I finally found a twenty-six footer in Fairhope. It was old, and ugly, but seaworthy.
It was a big step for me. I’d never done anything notable except once, when I slid down a bannister with the wood grain facing the wrong way.
This does not give you the same exhilaration as sailing.
The man on the sailboat was waiting for me. I waltzed along the dock and I declared that I would buy his boat. Then, I handed him a check.
“But you haven’t even seen it yet,” he said.
“No, but I’ve seen enough bad boats to
know when I’ve seen a mediocre one.”
That man took me on my first voyage. I sort of discovered myself on that Fairhope water. I didn’t think it would be that easy to find yourself, but sometimes it is.

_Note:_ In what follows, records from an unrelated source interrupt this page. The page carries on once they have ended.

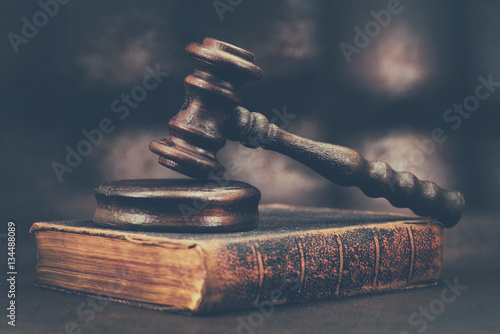 Law gavel on old brown leather book  photo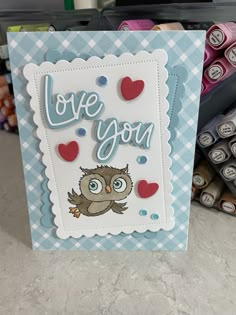 a card with an owl and the words love you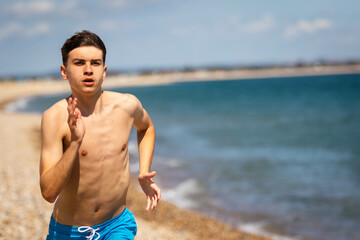 Running on a beach next to the sea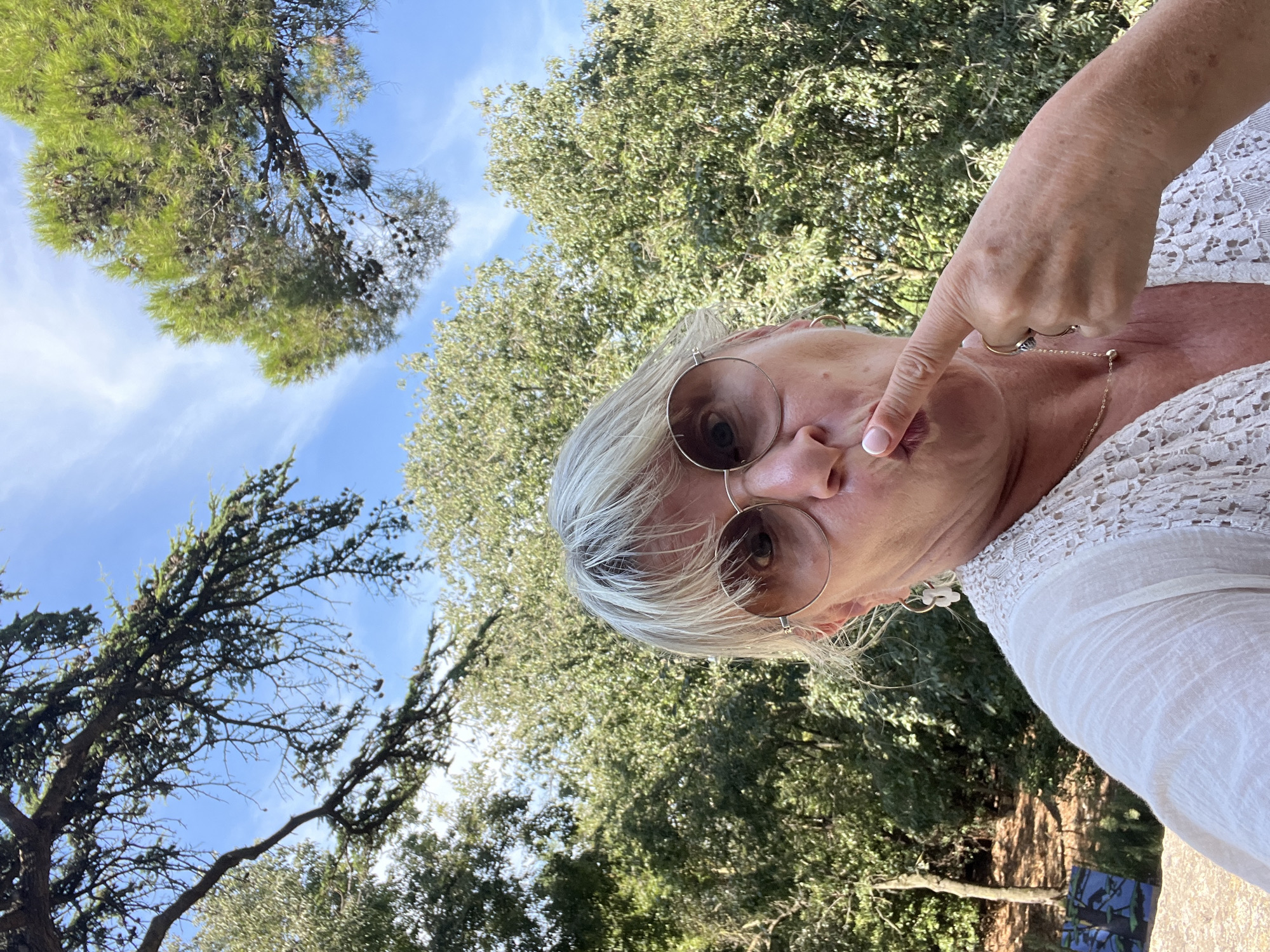 In Villeneuve-lès-Maguelone, France, a woman with blonde hair and sunglasses poses for a selfie outdoors. She wears a white, lace-trimmed top and a gold necklace. Her right index finger is raised to her lips, and she appears to be making a kissing gesture. The background is filled with lush green trees and a bright blue sky with scattered clouds.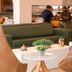 Strassen Hotel, Goiânia lobby lounge with green sofas, white tables and guests seated in the background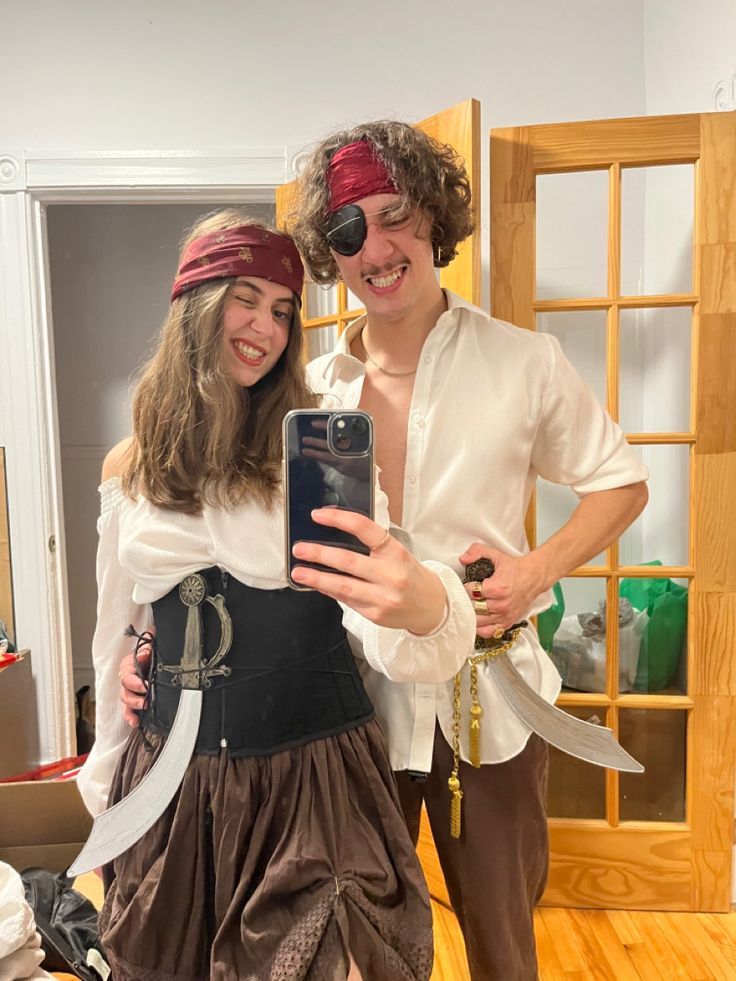 a man and woman in pirate costumes taking a selfie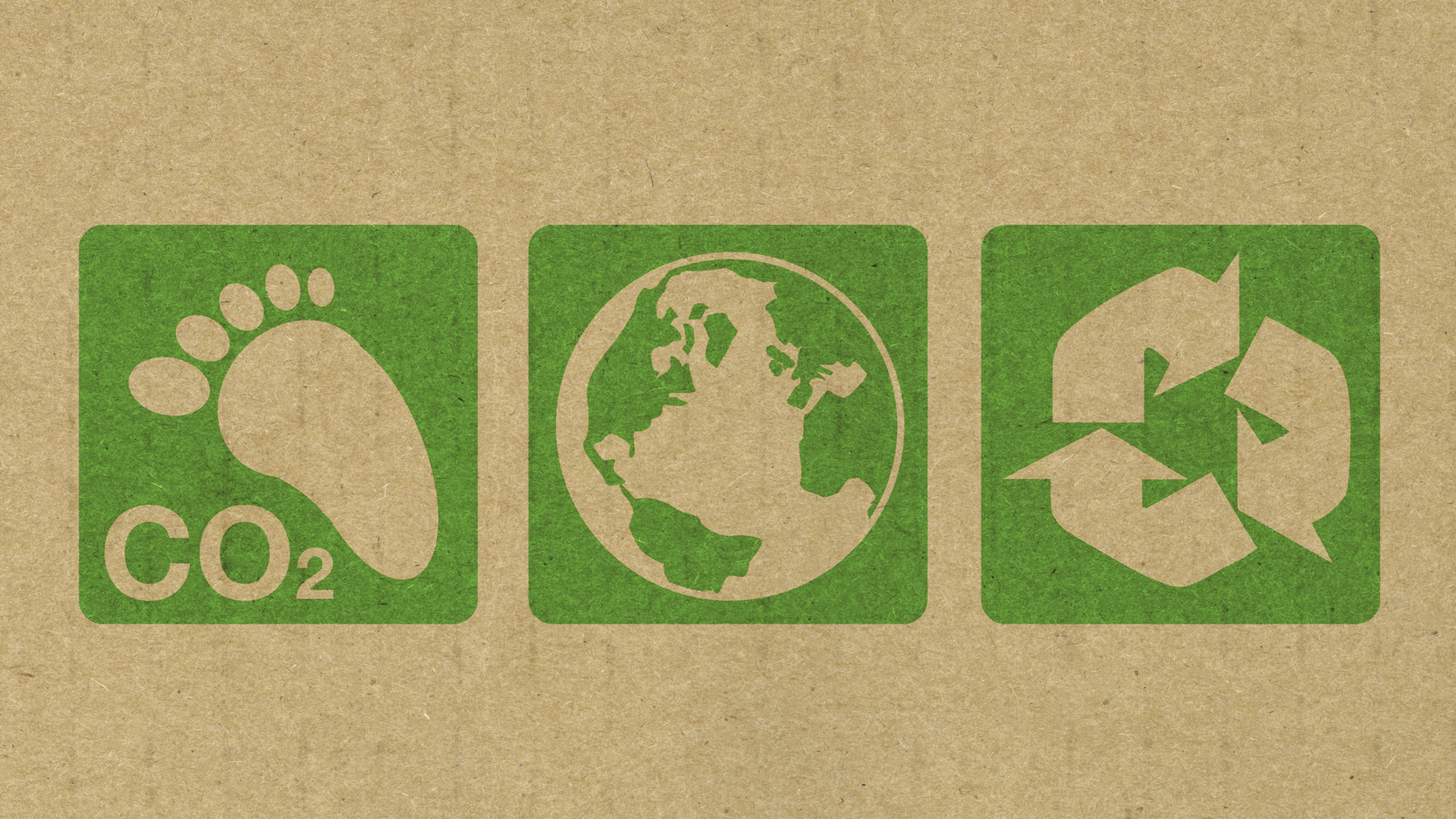 Green environment symbols stamped onto the side of recycled cardboard.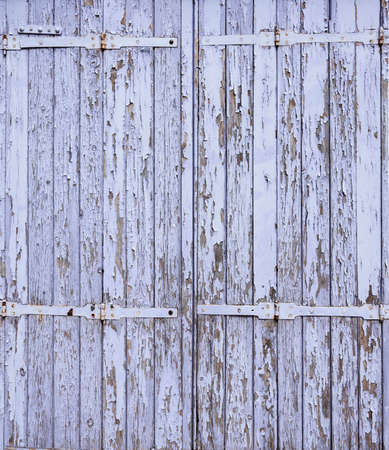 background consisting of peeling blue purple paint on old doorの写真素材
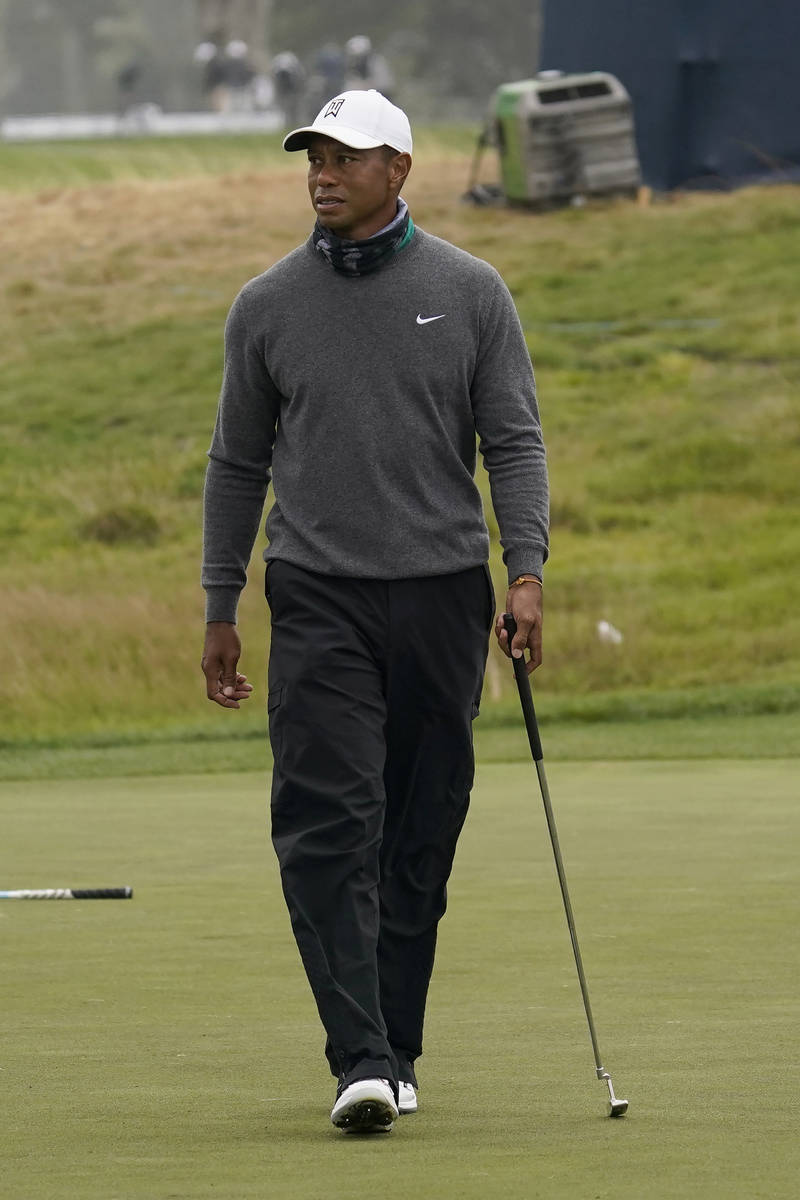 Tiger Woods walks on the putting green during practice for the PGA Championship golf tournament ...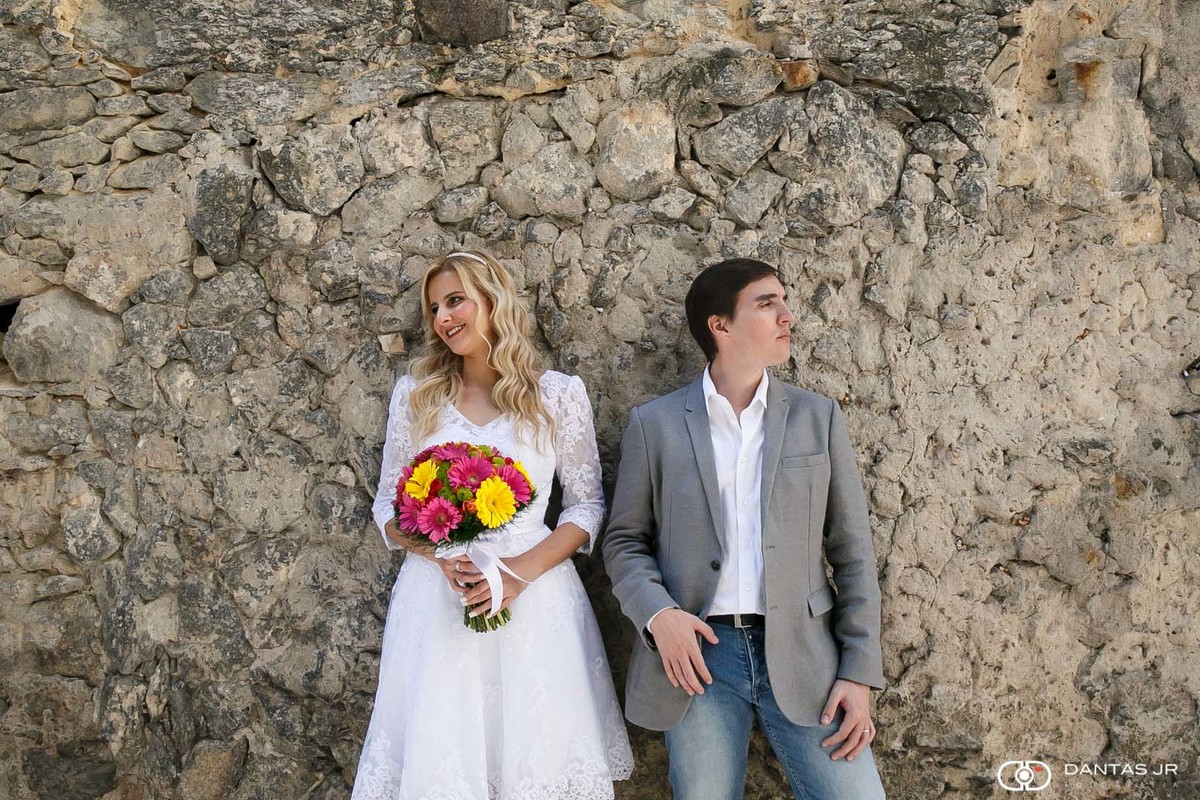 Casal de noivos olhando para lados opostos em parede de pedras após casamento no centro do RJ por Dantas Jr. Fotografia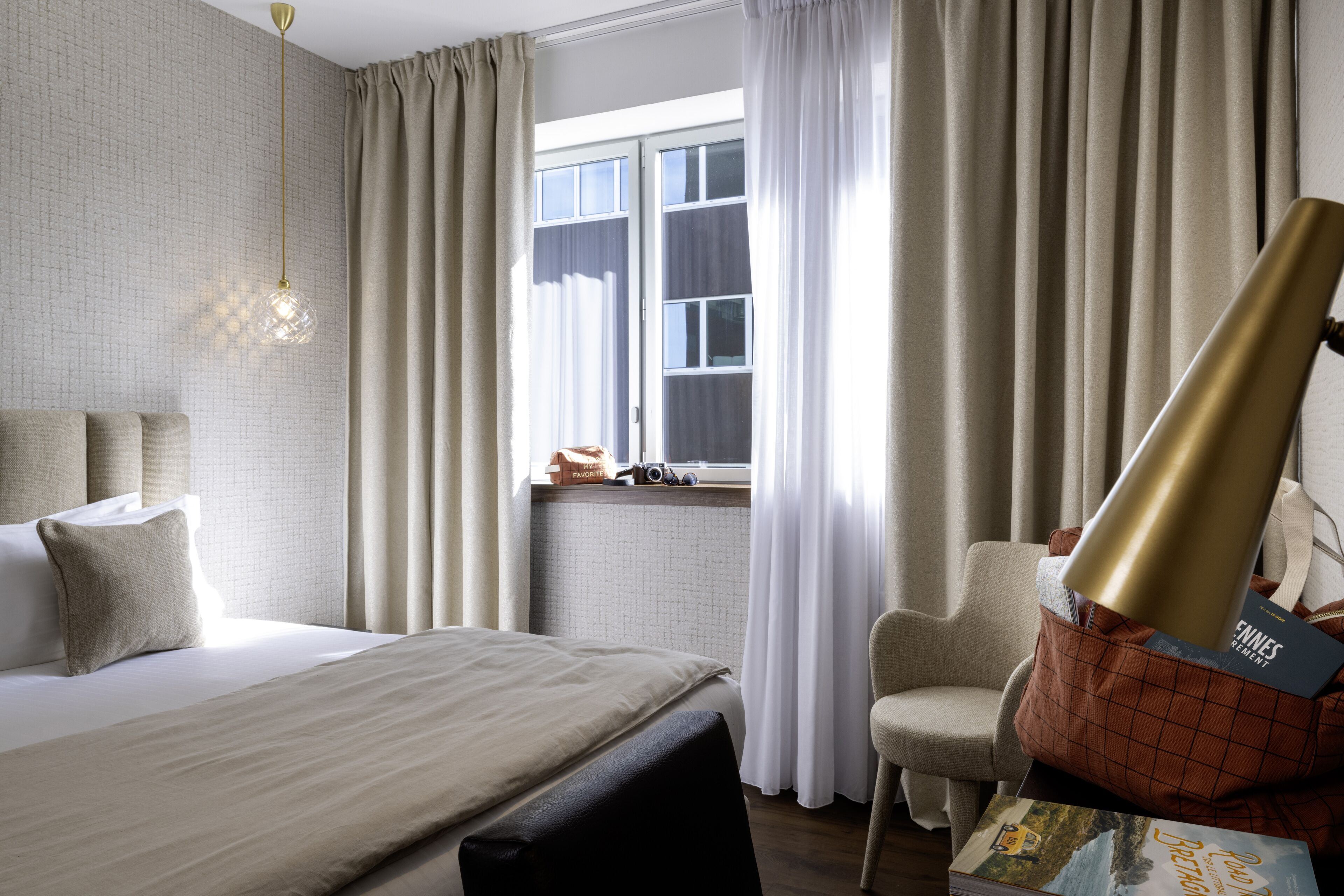 Una habitación de hotel con una cama, una silla, un escritorio con lámpara y una ventana con cortinas.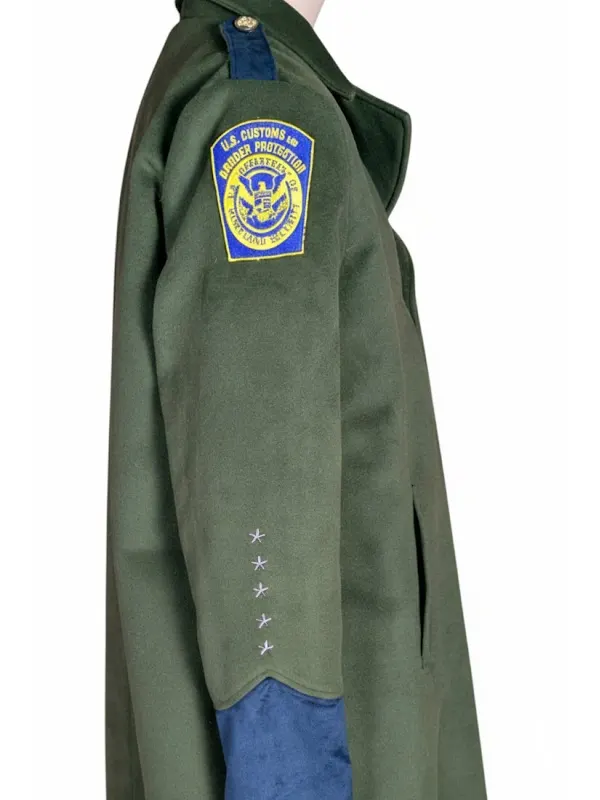 Right profile view of a dark green uniform trench coat on a mannequin featuring the shield-shaped U.S. Customs and Border Protection insignia and star embroidered sleeve detailing.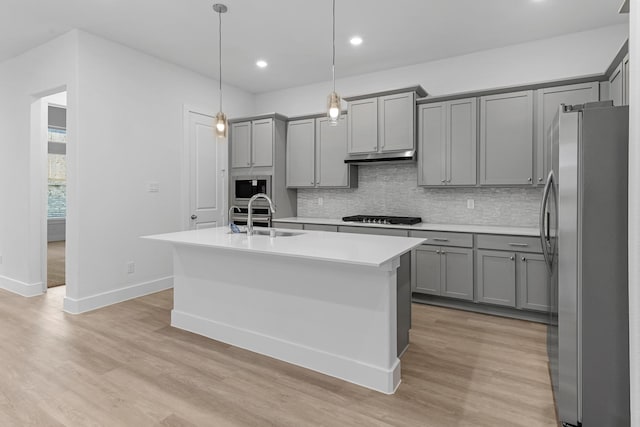21410 Flora Springs Ln, Magnolia, TX 77355 - kitchen with stainless steel appliances, gray cabinetry, decorative backsplash, and recessed lighting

For three months, that kindhearted man gave me lessons. He taught me to raise the main, to trim the jib, and he taught me to sail single handed.
And after my first successful solo sail, he handed me a cigar and said, “I bought these for celebration.”
“No thanks,” I said. “I don’t smoke.”
“You do today.”
In the following years, I would use the boat with my wife, my dog, or some unfortunate friend. And I would demonstrate my newly acquired knowledge by sniffing my nose and saying things like:
“All hands on deck, secure the scuttlebutt on the…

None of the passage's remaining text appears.